The organization envisioned by the Dodd-Frank Act would be responsible for developing standards to govern the profession (including codes of ethical conduct); overseeing member compliance with the standards; registering or providing certifications and examinations for members in the profession; and engaging in public education, outreach, or advocacy about the profession.Interviewing representatives of NRSROs and stakeholders (including academics, investors, advocacy groups, and international regulators) concerns emerged that creating such an organization might duplicate existing standards, codes of conduct, or the services provided by other professional organizations. A common view was that more time is needed to evaluate the effectiveness of SEC regulations that became effective in June. These rules require each NRSRO to establish training, experience, and competence standards to ensure analysts produce accurate ratings and to periodically test analysts' knowledge of the NRSRO's procedures and methodologies.
The GAO also detailed the obstacles an NRSO oversight organization would face, among them:
Delineating the mission of an organization would be difficult, at this time, because the effects of the new SEC regulations were unknown.
Obtaining sufficient funding through membership fees would be challenging because of the relatively small population of analysts (about 4,500 as of 2014)..
Creating an organizational structure that would provide equitable representation for all members, including from smaller NRSROs, could be challenging because of industry concentration (88 percent of analysts work for 3 of the 10 NRSROs).
Developing core activities and services, including professional standards, education and training curricula, certification tests, and structures to oversee member compliance could also be difficult because of differences in NRSRO methodologies, concerns about sharing confidential information, and analyst specialization in specific rating classes.

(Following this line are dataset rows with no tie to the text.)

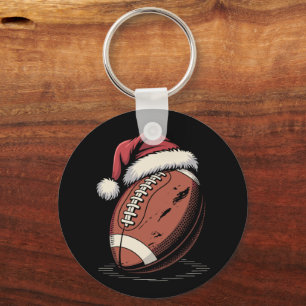 American Football Santa Hat Sports Christmas Xmas Key Ring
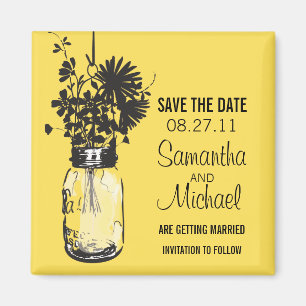 Vintage Mason Jar & Wild Flowers Save the Date Magnet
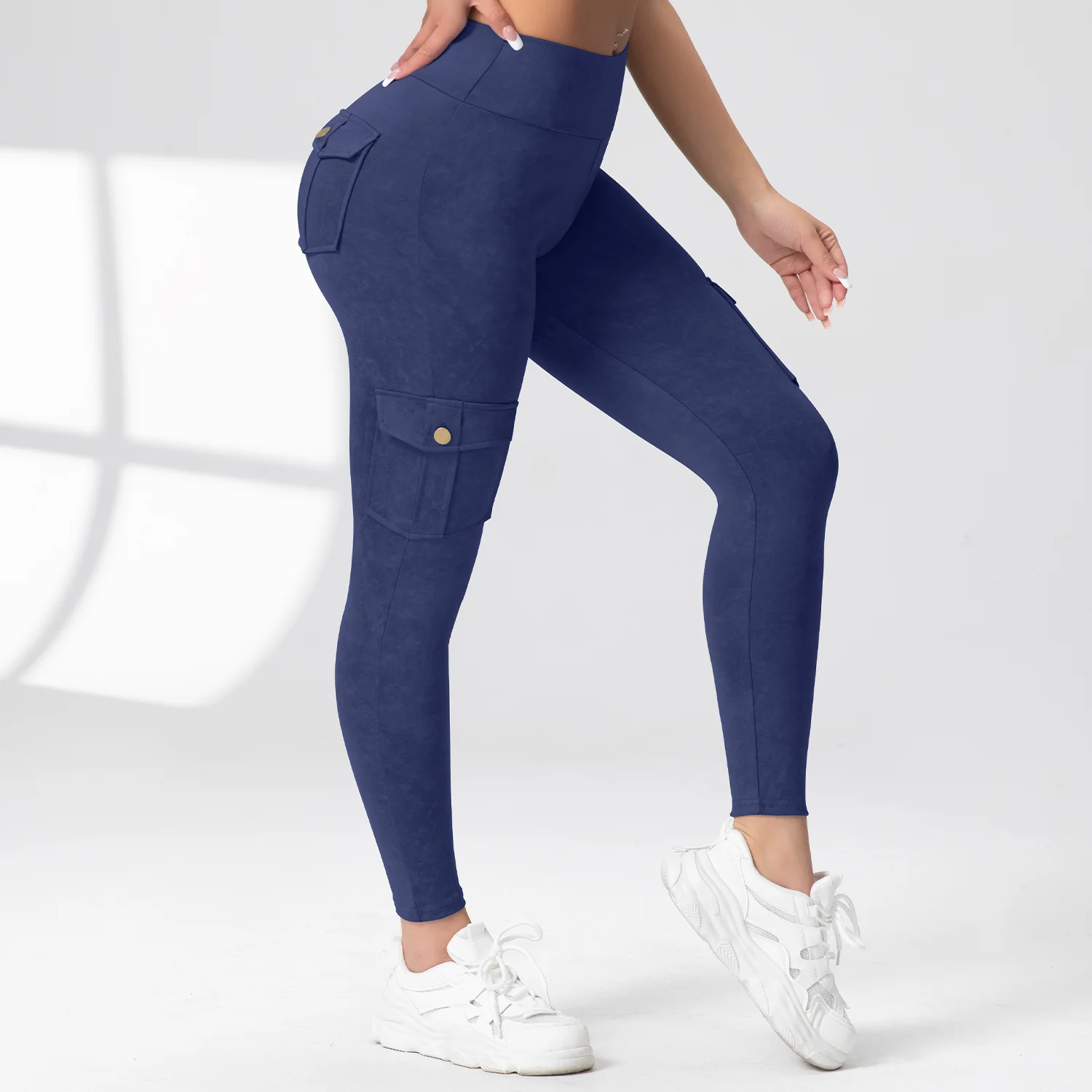 Damskie spodnie cargo do jogi z kieszeniami, z nadrukiem, modelujące pośladki, elastyczne, dopasowane, z wysokim stanem, do jazdy na rowerze, sportowe legginsy do jogi.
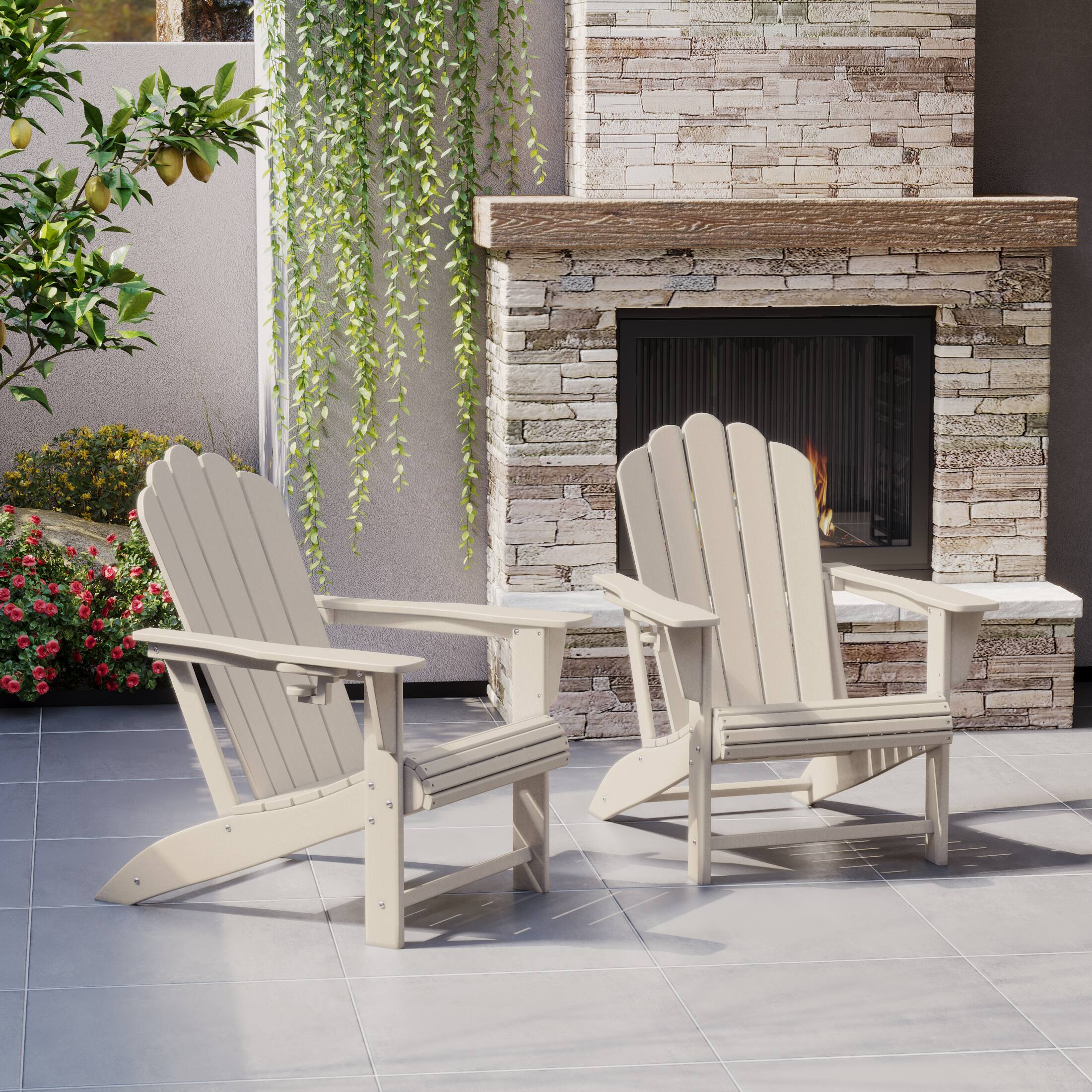 Angle. WestinTrends - WestinTrends Highland Outdoor Patio HDPE Adirondack Chairs With Cup Holders (Set of 2) - Sand.
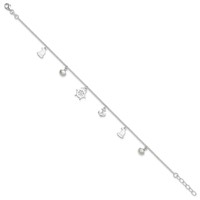Sterling Silver Ocean Theme Charms Plus 1 Inch Extender - Total 10 Inch Anklet - 9in view 2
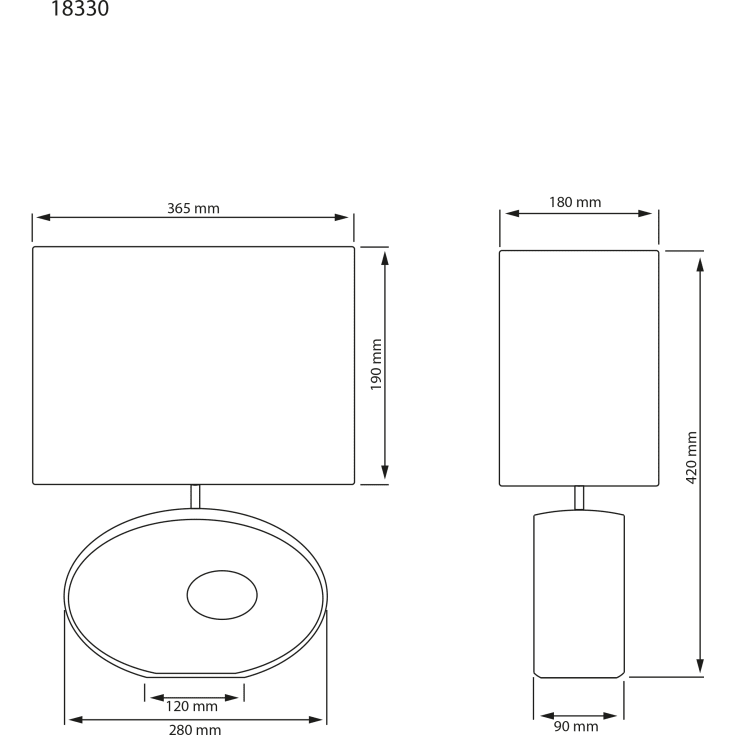 Aneta Lighting Ellipse bordlampe, sort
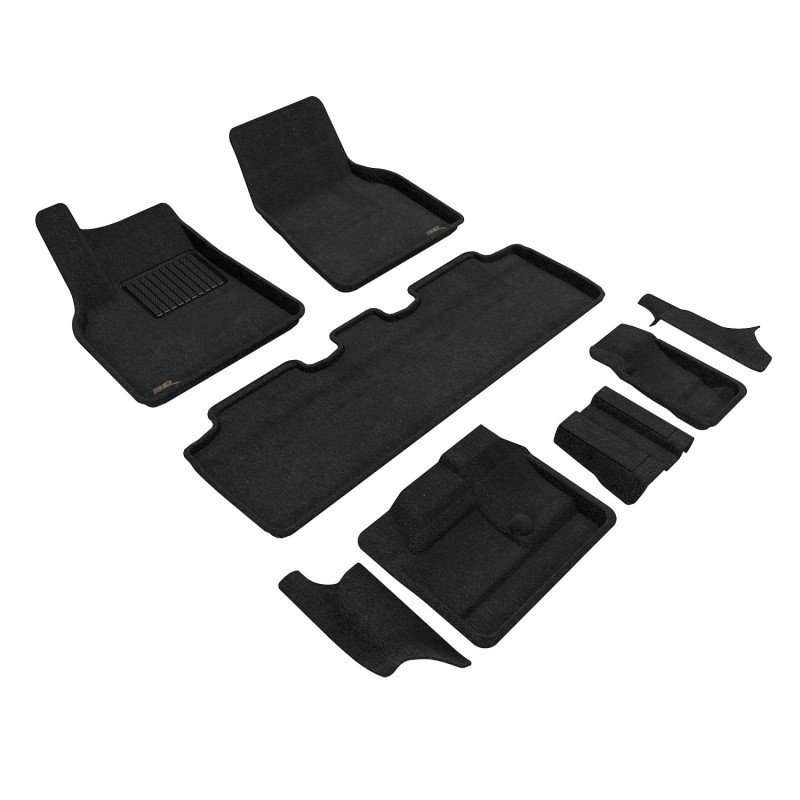 3D Maxpider 21-23 Tesla Model Y 7-Seat Elegant Floor Mat- Black 1St Row 2Nd Row 3Rd Row - L1TL03604709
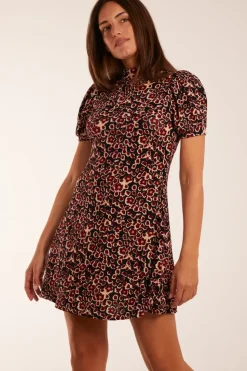 Floral Animal Smock Mini Dress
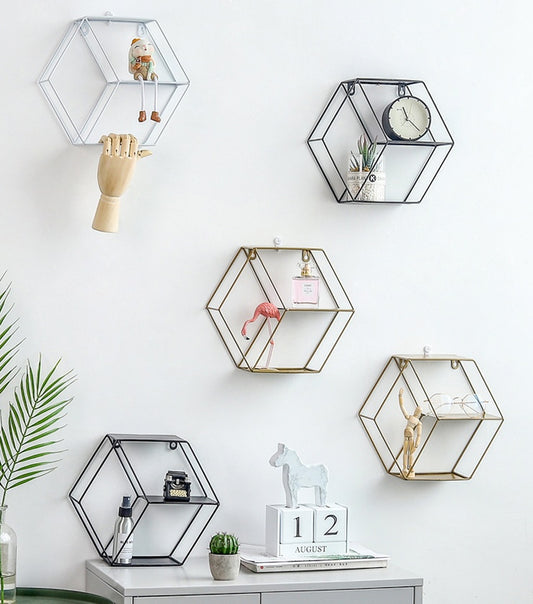 Nordic style iron ornaments living room hexagon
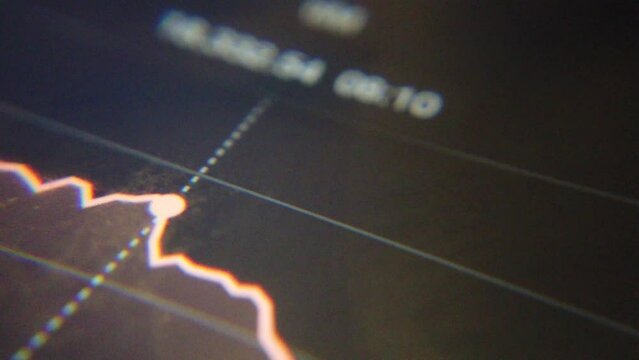 Red bear market chart. Recession and market crash concept. Cryptocurrency, stocks and bonds investments losing value. High quality 4k footage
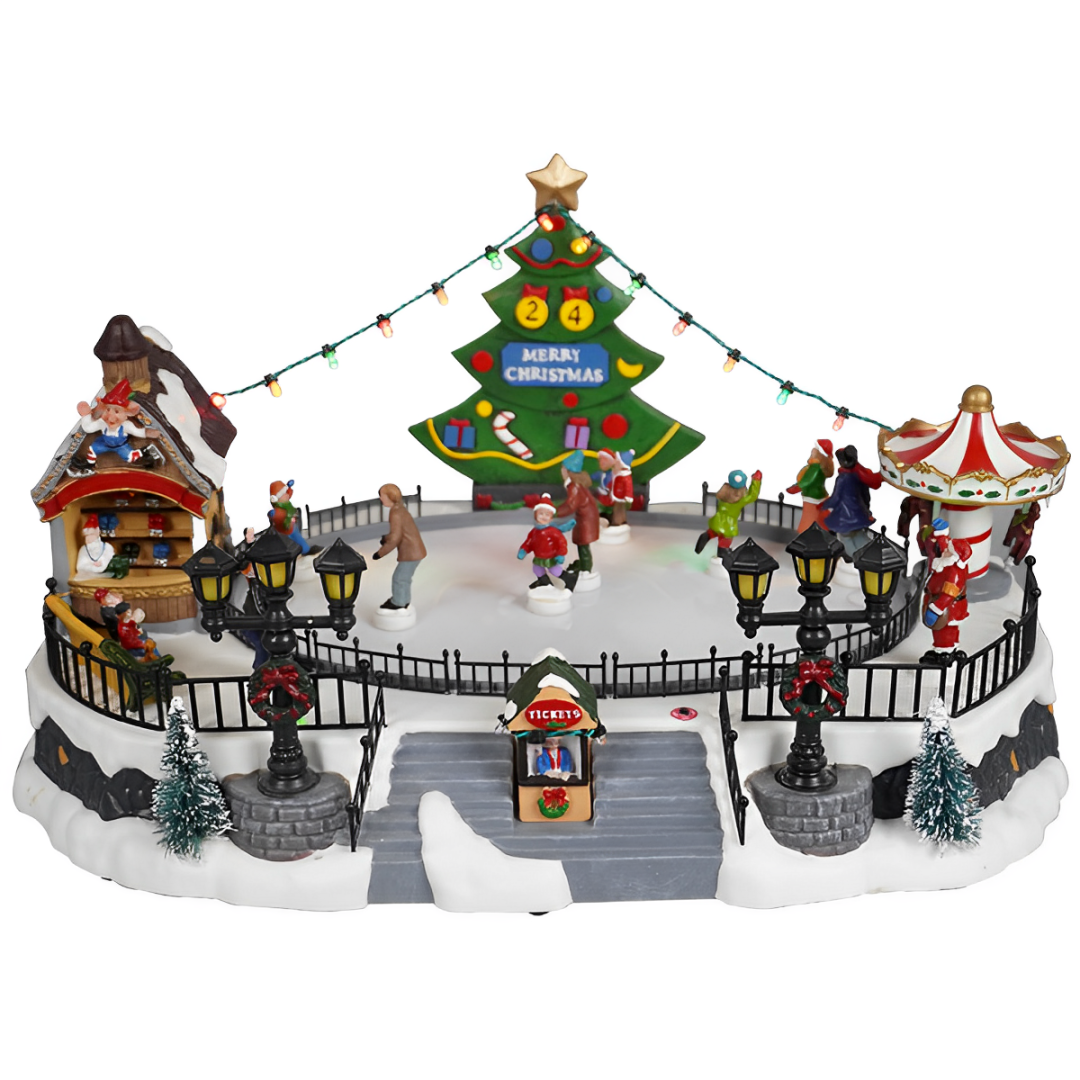 大型溜冰場音樂盒滑雪聖誕場景遊樂場音樂盒套裝溜冰場場景擺件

Among the GAO’s recommendations are that the SEC could expand its oversight of analysts by defining minimum experience or knowledge requirements for analysts or requiring all analysts to pass an examination before conducting ratings. Before SEC issued new rules in June, there were no regulatory requirements for training and testing of credit rating analysts in the United States.
Another idea the GAO presented for consideration is that a third party—such as an existing professional organization or a task force of regulatory and other experts—could be engaged to develop professional standards for credit rating analysts and oversee compliance. Some experts interviewed by the GAO noted that this approach might be more efficient than creating a new organization because it could leverage existing resources and mitigate concerns about larger NRSROs dominating an organization. The SEC considered public comments regarding this type of approach, but stopped short of adoption because it did not allow NRSROs sufficient flexibility to design standards tailored to their business model, size, and methodologies.
An NRSRO can be registered with the SEC in one or more of five classes of credit ratings: financial institutions, brokers, or dealers; insurance companies; corporate issuers; issuers of asset-backed securities; and issuers of government securities, municipal securities, or securities issued by a foreign government. As of April 2015, there were 10 registered NRSROs, among them Standard & Poor’s, Moody’s Investors Service and Fitch Ratings.